Within the application, the prompts are generated by calling a function that examines the prompt catalog to look up translations, using notation such as:
print _(“Hello World”) print _(“Goodbye”)
This file based approach worked well when software release cycles were infrequent and when the messages to be translated were static. In today’s world of bi-weekly release cycles and dynamic content, this approach is unwieldy and expensive. Just keeping the translation files in sync with the source material is a challenge, even for relatively simple projects (and does not work at all for dynamic content).
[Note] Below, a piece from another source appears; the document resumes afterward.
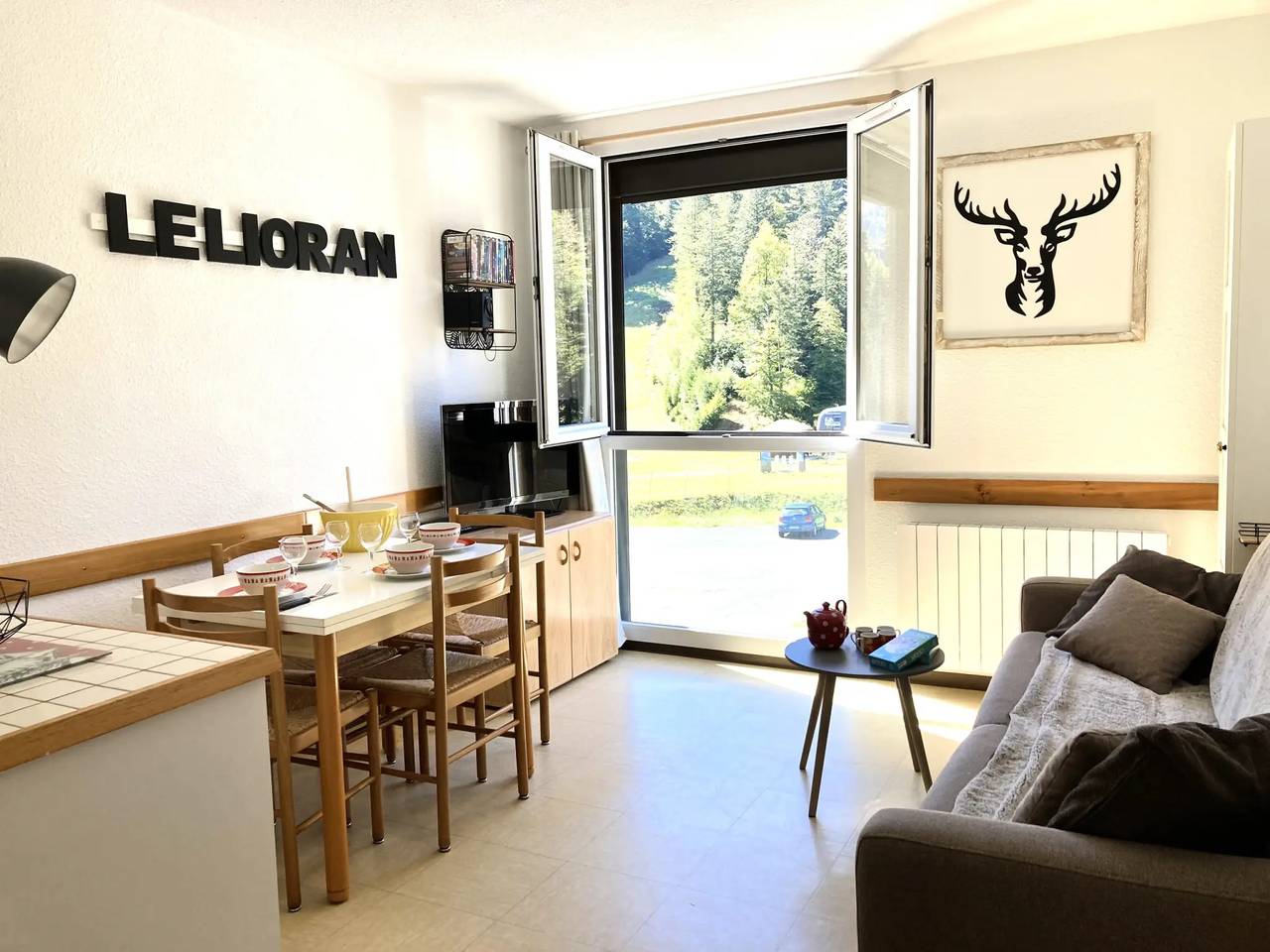 Studio entier, Studio avec coin montagne à Portes du Sud in Le Lioran, Laveissière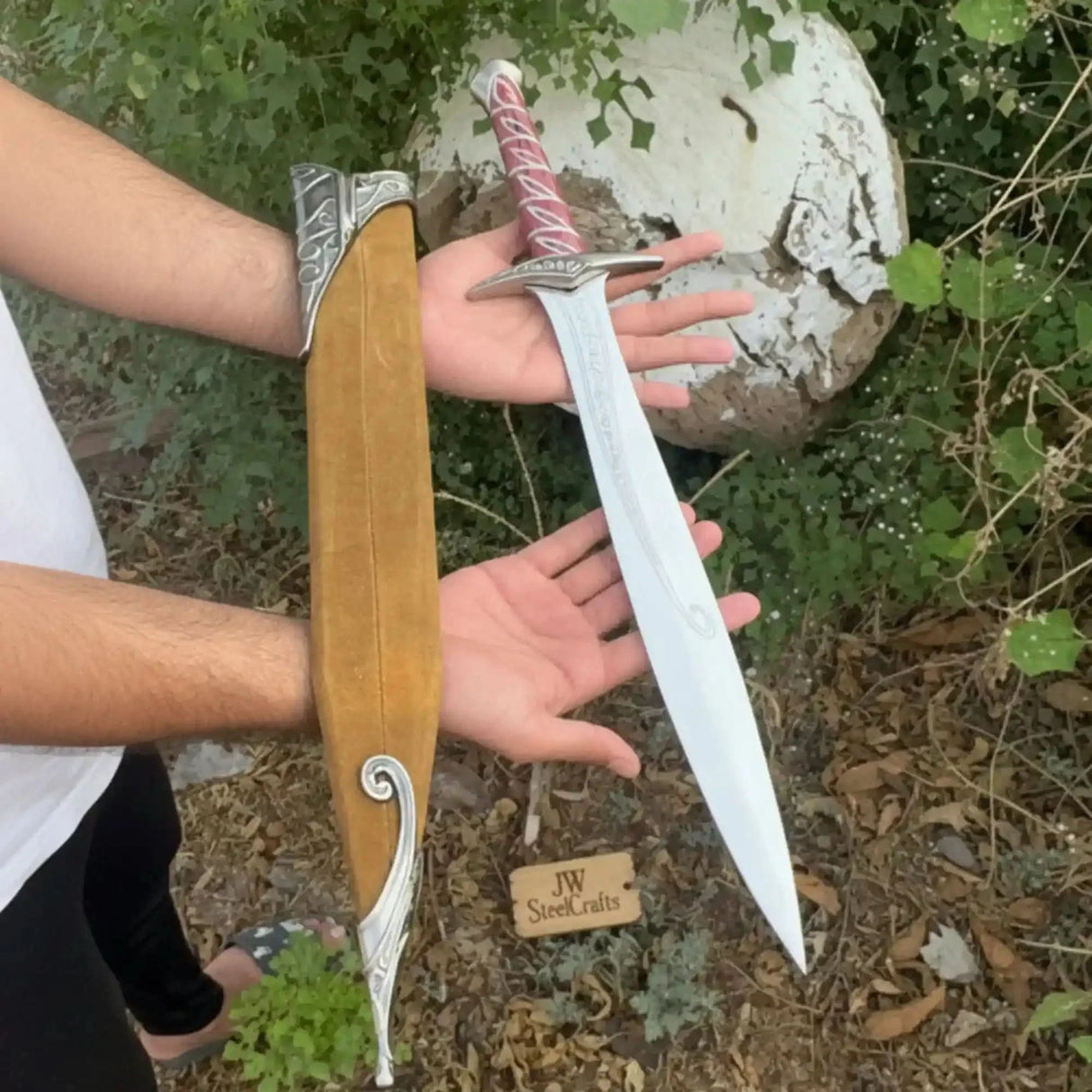 Handmade Elven inspired short sword replica with Reddish Wood Grip and Wooden Sheath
I recently joined Gengo, a Tokyo/SF based translation technology company, following the acquisition of Worldwide Lexicon, an open source translation platform I worked on for many years. WWL combined machine, crowd and professional translation, presented via a web services API, and enabled users to request the best available translations while optimizing for speed, quality and cost. Meanwhile Gengo has built a network of thousands of freelance translators who are accessed via a web services API.
At OSCON, we are presenting a design pattern (and a Python library) for a cloud based localization and dynamic content translation tool. The Python library, code named Avalon, is available at mygengo.github.com/avalon. It queries a variety of translation resources on demand, and enables developers to localize their applications and translate dynamic content as it is served, using both machine or human translation. The library is intended primarily as a demo, and demonstrates the utility of this approach. This article describes how to replicate this approach in the development environment of your choice.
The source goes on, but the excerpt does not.